Exercise
In the listing that follows, the lines starting at the one containing "Migration can be" and ending at the one containing "There are quite" are to be returned exactly, both boundary lines included, and no others.

Input
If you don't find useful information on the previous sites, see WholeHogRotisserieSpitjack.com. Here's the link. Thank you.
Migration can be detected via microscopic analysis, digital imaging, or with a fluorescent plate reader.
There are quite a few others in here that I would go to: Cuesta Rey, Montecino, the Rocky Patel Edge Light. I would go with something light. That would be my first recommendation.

...

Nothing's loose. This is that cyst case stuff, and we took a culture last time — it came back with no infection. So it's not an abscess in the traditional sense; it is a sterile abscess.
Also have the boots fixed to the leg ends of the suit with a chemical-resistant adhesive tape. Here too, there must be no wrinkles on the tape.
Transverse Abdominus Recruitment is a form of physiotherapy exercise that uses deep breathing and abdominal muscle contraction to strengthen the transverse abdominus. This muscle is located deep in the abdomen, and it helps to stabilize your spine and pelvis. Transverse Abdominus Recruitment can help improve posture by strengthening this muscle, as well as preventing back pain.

Response for this exercise
Migration can be detected via microscopic analysis, digital imaging, or with a fluorescent plate reader.
There are quite a few others in here that I would go to: Cuesta Rey, Montecino, the Rocky Patel Edge Light. I would go with something light. That would be my first recommendation.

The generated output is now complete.